Kalshi Faces Backlash Over Khamenei Market Resolution
Kalshi, a prominent predictions market platform, is refusing to pay out an estimated $54 million to users who bet on the removal of Iranian Supreme Leader Ayatollah Ali Khamenei following his death in recent airstrikes. The company stated that the market contract regarding the leader being "out" was strictly defined as a voluntary transition of power or resignation, not an assassination.
Technicality Sparks User Outrage
Following the U.S.-Israeli strikes on Tehran, known as Operation Epic Fury, users flocked to the app to bet on Khamenei’s departure. While the odds surged to 68 percent, Kalshi clarified via social media that it does not offer markets settling on death. CEO Tarek Mansour explained that the market would resolve based on the last traded price before the death was confirmed, rather than paying out at the full odds users anticipated.

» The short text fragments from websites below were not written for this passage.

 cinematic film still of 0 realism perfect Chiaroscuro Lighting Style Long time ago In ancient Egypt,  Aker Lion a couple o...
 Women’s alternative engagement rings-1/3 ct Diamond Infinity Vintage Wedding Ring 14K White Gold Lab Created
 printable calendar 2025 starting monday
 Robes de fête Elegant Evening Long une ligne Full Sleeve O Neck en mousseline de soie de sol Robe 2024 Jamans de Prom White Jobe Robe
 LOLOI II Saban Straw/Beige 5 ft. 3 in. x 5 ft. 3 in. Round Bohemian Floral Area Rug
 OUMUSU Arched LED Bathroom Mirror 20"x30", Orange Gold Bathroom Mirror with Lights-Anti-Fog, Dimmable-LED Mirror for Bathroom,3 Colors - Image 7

This technical distinction has angered many users. One bettor told The Washington Post that he expected a $63,000 payout on a $3,460 bet, only to have the rules changed after the event. While Kalshi has offered to reimburse losses incurred during the confusion, users argue they were effectively betting on a death market.

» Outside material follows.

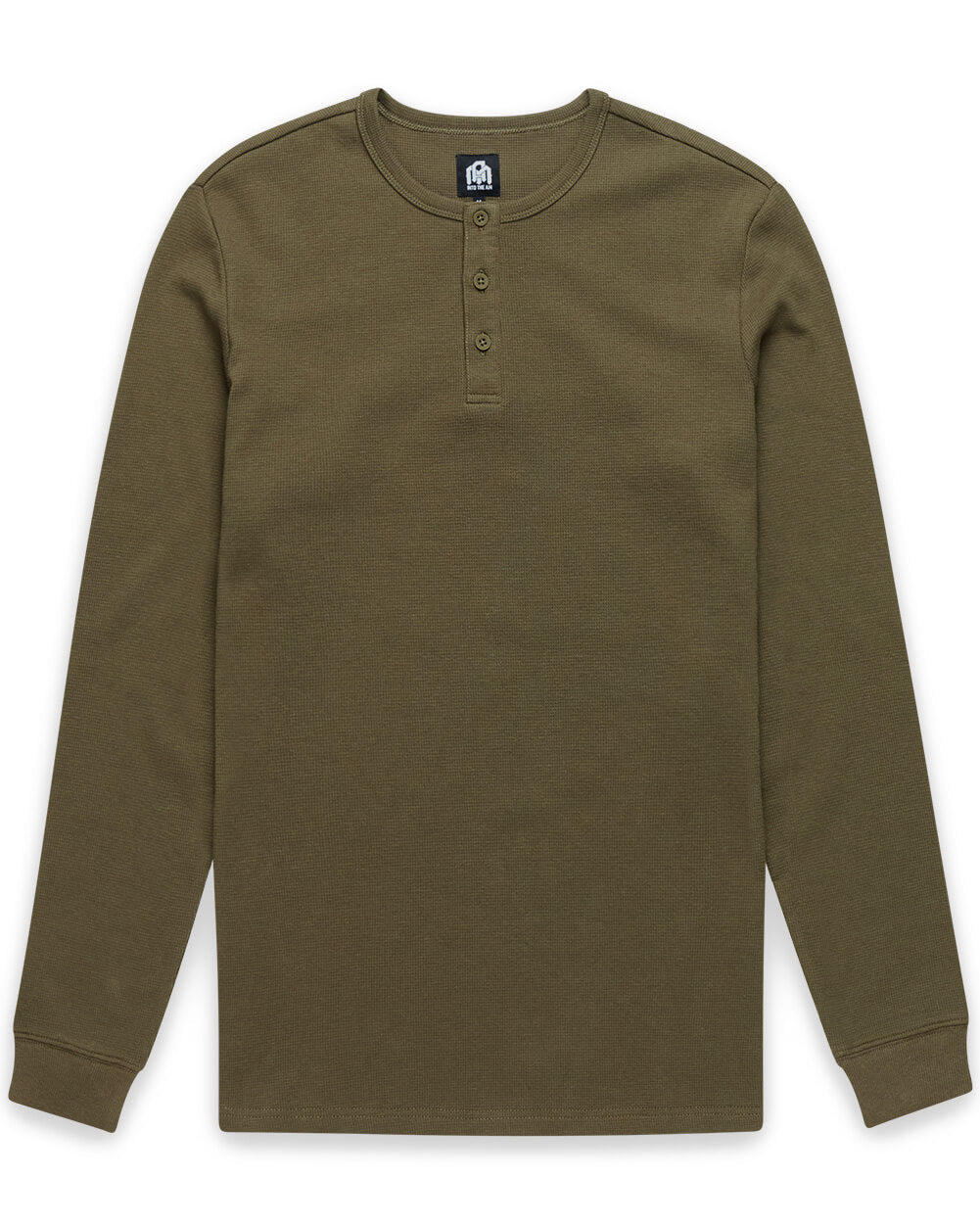 Mens Long Sleeve Waffle Knit Henley Shirt Casual Button Front Thermal Top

Political and Ethical Implications
The incident has drawn sharp criticism from lawmakers and financial experts. Amanda Fischer, a former SEC chief of staff, questioned the logic of a market expecting a theocratic leader to lose power in any way other than death. Senator Chris Murphy (D-CT) condemned the platform, describing betting on real-world death and war as "American commercial immorality on steroids."
Murphy announced he is drafting legislation to ban prediction markets tied to government actions. The controversy echoes previous concerns regarding insider trading on such platforms, with analytics firm Bubblemaps noting that six traders made $1.2 million by correctly predicting the strike dates.